Taken as a whole, the budget for 20 universities’ combined operating expenditure in 2017 will be RM6.12 billion, which is a cut of RM1.46 billion or 19.23 per cent from the allocation of RM7.57 billion in 2016.
This comes as the Ministry of Higher Education’s total allocation for next year went down further to RM12.13 billion from RM13.38 billion for 2016, even as Putrajaya increased its overall budget to RM260.8 billion for 2017. The government also expects to reduce the fiscal deficit to 3 per cent of the GDP next year.

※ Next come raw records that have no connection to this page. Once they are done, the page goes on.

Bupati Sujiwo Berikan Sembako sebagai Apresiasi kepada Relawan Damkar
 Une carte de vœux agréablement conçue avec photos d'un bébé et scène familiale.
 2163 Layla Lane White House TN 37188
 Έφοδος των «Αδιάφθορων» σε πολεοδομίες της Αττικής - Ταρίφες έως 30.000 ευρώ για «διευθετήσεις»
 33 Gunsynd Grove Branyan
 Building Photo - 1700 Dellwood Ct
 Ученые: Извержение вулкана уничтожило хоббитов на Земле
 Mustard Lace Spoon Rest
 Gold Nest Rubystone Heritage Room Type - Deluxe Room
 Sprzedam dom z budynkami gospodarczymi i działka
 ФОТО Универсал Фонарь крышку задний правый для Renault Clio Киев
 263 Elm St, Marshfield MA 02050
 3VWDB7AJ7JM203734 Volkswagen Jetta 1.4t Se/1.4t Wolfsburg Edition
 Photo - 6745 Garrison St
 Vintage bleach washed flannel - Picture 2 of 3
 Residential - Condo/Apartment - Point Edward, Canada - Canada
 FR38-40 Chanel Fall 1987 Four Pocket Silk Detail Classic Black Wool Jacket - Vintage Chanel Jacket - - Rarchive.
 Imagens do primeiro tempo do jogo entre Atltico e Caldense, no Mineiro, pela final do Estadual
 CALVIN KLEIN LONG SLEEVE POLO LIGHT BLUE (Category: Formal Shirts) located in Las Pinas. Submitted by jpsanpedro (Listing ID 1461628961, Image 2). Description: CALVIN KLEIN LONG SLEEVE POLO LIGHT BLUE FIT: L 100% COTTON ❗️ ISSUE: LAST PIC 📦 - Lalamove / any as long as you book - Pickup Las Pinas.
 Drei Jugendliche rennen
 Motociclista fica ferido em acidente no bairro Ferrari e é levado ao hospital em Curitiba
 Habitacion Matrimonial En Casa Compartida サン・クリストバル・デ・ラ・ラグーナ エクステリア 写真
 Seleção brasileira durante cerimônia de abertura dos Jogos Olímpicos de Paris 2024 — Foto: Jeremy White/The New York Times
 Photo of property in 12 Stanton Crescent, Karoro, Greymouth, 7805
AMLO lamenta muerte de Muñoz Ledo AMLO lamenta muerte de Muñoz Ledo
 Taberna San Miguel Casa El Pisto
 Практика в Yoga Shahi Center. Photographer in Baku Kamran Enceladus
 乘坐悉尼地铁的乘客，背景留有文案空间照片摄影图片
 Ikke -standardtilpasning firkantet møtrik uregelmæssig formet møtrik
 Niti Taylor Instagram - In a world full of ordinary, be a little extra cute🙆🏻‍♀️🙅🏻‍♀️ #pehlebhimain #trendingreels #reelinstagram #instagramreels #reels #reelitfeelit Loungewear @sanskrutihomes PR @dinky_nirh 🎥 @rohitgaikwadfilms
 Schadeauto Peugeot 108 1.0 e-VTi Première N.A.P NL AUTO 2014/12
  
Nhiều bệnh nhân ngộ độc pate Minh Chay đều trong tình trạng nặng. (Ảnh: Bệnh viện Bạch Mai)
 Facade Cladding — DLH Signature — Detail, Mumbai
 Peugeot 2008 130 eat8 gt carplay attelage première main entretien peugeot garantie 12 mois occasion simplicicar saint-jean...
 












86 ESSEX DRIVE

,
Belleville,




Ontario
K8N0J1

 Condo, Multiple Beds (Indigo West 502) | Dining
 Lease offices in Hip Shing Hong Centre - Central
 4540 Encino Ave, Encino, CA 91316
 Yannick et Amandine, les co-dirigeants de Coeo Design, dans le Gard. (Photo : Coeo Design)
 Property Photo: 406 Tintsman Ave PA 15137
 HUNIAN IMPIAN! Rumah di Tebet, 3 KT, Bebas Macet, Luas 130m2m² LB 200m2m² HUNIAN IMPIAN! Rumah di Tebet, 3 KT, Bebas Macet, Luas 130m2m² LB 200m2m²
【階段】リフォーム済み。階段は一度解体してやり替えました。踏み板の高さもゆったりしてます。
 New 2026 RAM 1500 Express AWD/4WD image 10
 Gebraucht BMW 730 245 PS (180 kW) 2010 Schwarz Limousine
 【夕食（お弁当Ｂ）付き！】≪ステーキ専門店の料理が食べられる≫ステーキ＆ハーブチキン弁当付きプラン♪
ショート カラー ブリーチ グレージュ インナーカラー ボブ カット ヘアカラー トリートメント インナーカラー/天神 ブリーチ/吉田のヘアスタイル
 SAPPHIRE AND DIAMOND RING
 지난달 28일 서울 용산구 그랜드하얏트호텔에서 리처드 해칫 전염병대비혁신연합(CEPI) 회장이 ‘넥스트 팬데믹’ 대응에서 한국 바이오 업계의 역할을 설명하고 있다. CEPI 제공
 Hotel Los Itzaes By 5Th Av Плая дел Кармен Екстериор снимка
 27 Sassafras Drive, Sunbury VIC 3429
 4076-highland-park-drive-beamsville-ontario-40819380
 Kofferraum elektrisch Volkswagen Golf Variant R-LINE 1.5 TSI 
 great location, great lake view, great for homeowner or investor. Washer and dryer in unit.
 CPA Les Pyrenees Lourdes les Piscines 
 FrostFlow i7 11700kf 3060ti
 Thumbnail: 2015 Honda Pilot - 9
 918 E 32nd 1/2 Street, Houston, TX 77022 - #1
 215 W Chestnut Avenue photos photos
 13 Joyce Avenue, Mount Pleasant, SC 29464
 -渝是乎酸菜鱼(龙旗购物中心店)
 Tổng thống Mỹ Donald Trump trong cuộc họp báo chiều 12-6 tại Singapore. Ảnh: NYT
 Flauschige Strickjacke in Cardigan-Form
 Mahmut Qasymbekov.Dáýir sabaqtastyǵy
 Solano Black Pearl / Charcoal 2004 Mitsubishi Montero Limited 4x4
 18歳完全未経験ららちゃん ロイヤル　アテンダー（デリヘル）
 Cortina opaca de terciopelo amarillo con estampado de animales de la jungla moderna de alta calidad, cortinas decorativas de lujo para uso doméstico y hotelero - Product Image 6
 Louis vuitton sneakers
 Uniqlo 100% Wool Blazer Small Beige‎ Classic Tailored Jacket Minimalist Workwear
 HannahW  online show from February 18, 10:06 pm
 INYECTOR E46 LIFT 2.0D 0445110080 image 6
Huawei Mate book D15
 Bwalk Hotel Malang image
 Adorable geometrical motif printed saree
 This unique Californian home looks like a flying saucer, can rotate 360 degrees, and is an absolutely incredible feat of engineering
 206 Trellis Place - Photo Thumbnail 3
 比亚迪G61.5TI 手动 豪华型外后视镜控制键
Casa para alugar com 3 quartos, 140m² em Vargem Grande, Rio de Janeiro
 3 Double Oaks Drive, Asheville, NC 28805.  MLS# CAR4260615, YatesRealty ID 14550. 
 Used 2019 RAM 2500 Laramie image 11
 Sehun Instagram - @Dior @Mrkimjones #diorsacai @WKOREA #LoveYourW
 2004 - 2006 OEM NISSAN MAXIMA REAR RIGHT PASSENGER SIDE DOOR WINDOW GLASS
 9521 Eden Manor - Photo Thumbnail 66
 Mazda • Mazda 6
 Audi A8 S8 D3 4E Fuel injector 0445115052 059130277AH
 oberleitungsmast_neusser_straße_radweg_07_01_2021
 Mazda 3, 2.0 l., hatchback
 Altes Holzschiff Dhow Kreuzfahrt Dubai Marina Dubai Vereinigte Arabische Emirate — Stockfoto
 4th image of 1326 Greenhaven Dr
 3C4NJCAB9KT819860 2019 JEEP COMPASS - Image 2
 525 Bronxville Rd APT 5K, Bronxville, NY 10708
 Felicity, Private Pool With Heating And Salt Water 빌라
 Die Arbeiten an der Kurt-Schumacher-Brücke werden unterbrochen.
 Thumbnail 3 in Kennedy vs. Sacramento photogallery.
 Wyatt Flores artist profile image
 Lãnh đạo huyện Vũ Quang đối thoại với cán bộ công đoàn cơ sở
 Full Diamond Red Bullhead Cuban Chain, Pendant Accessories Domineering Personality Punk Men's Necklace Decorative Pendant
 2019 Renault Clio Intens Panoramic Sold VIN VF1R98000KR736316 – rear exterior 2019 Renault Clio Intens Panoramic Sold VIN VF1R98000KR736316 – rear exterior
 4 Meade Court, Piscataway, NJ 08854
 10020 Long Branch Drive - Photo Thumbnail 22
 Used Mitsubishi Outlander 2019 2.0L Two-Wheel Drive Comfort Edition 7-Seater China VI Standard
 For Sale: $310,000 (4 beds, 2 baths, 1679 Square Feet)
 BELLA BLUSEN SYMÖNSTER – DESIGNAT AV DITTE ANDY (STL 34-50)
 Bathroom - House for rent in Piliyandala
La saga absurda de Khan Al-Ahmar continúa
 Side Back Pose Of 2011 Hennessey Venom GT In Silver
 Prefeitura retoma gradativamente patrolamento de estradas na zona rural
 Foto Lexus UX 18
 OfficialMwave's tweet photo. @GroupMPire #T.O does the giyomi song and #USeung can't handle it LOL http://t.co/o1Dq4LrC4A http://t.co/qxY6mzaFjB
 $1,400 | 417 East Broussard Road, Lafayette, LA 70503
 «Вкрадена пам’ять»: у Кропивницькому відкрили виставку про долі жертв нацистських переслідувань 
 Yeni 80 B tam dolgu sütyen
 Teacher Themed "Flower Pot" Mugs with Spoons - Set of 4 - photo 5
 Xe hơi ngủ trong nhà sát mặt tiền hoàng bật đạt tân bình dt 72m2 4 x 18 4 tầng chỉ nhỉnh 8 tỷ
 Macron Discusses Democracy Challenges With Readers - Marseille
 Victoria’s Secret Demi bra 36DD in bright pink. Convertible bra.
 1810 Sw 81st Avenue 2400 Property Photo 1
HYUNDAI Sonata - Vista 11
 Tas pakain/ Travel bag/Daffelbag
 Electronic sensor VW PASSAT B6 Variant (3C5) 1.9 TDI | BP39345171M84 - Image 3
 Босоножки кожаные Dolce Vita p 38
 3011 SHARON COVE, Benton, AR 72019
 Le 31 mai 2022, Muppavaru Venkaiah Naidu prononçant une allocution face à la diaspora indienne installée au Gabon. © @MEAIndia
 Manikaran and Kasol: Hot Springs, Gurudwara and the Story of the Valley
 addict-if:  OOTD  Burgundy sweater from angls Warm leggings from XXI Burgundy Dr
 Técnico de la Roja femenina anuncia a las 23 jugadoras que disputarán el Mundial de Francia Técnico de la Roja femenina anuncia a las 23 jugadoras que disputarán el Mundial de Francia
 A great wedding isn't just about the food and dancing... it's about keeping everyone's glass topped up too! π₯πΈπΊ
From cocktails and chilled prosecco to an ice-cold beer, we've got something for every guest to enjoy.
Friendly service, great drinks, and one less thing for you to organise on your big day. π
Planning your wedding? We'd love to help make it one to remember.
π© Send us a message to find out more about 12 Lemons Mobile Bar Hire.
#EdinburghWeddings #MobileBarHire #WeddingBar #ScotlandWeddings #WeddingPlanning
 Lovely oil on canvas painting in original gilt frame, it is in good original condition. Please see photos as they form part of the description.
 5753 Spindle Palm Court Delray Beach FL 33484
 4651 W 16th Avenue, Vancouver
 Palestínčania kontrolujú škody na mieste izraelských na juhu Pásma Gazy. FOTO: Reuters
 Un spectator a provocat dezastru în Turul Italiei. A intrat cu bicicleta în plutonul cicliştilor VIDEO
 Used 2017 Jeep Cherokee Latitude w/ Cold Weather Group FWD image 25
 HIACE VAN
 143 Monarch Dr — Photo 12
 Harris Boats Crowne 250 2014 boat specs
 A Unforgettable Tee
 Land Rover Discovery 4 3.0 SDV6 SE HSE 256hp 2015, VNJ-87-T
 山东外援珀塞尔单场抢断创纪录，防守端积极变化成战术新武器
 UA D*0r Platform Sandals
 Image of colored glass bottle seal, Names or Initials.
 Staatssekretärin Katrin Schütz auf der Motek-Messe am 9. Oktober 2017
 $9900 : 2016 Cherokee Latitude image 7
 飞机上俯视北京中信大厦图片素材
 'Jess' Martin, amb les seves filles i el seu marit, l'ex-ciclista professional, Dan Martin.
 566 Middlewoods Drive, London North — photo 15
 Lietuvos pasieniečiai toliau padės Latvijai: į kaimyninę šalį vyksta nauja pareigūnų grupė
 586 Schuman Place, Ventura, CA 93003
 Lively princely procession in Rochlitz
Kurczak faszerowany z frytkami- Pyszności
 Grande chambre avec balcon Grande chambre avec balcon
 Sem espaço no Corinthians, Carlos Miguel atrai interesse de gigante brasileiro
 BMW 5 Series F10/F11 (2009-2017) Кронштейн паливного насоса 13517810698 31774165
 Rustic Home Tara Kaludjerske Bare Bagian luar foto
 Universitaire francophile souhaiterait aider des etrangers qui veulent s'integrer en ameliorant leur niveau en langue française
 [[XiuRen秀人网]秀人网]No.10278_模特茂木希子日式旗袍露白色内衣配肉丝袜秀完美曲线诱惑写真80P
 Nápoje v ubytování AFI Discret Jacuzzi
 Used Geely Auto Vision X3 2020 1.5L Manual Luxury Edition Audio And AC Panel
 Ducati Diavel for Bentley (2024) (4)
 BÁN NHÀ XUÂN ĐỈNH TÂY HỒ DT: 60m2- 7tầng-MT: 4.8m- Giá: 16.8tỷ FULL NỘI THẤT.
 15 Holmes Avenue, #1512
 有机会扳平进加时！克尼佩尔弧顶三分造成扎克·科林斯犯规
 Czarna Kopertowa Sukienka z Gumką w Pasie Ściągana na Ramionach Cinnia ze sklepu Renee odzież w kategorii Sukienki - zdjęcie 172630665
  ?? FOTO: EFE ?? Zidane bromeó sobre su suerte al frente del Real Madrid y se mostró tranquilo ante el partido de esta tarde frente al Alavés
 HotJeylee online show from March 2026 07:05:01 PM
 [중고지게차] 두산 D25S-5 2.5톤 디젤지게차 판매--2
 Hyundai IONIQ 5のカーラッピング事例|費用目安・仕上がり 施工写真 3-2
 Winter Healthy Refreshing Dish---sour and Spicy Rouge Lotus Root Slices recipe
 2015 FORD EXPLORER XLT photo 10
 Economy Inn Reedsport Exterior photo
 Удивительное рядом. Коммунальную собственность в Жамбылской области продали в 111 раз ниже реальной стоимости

Even in the Budget 2016 tabled last year, the ministry’s total allocation fell by RM2.4 billion from 2015’s RM15.78 billion, resulting in public universities’ spending allocation for 2016 cut by RM1.4 billion or 16.5 per cent.
There was public uproar over the 2016 drop that saw 19 out of 20 universities’ budgets cut, with some losing over 20 per cent from their previous allocation, such as Universiti Malaya (UM) which then had a 27.3 per cent or RM175 million cut.
But on October 26 last year, Higher Education Minister Datuk Seri Idris Jusoh was reported saying that public universities were not allowed to cite the RM2.4 billion funding cut as an excuse to raise fees.
“Ninety percent of public universities are still relying on government funding. The universities should make money by utilising their assets,” he was quoted saying then by Astro Awani’s portal, arguing that it would help public universities to be less reliant on the government in line with the Malaysian Education Blueprint 2015-2025 (Higher Education).
Later on November 26, Idris reportedly said the government will be using a new funding formula for public universities to encourage more efficient use of funds, by withholding five per cent of the funds in 2016 until the universities meet their targets or key performance indicators.
He also said then that the reserve fund would be gradually hiked annually to reach 40 per cent by 2025, also noting that the government wants public universities ― which he said had been generating income for the past nine years ― to be more financially sustainable.